Handed a two-run lead after the first inning and a four-run lead after four, and given the chance to carry it as far as he could, Hamels, the Phillies' lefty, gave up three homers and failed to make it out of the fifth.

Hamels recorded 13 outs, which meant there were 14 to be handled by a much-maligned bullpen that staggered into October without defined roles or lock-down options, but which, somehow, has been as reliable as anyone's this postseason.
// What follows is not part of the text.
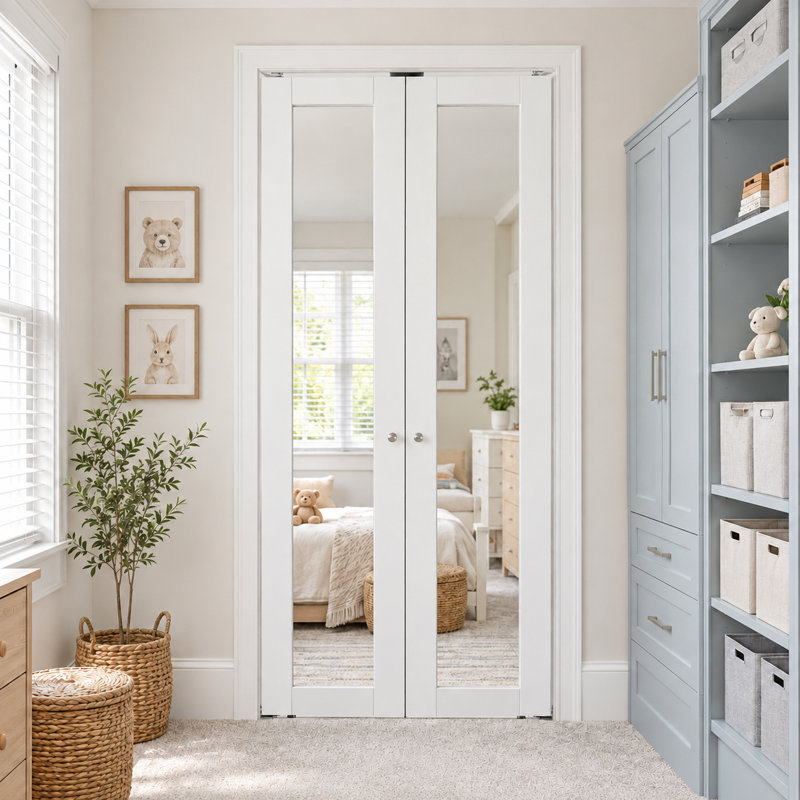 Mirrored Solid Manufactured Wood Pivot-French Door with Installation Hardware Kit, 42" x 80"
Here they came: Lefty J.A. Happ for one out, right-hander Chad Durbin for four, including a brilliantly handled duel with Manny Ramirez in a crucial spot in the fifth. Right-hander Chan Ho Park pitched the seventh, but made a two-on, no-out mess in the eighth, which right-hander Ryan Madson -- after a slight hiccup, when he walked Ramirez then gave up a bases-loaded single to Matt Kemp -- eventually cleaned up.

"We're not gonna be perfect," Madson said. "But we've been pretty good this year."

Eventually, it was 10-4, and there were three outs to go. Those belonged, of course, to Brad Lidge, the wayward closer, his struggles this season so vast, his redemption this month so improbable and endearing.

He set the Dodgers down in the ninth as if he owned it and always had, and the dogpile and the champagne and the revelry -- familiar as can be -- commenced.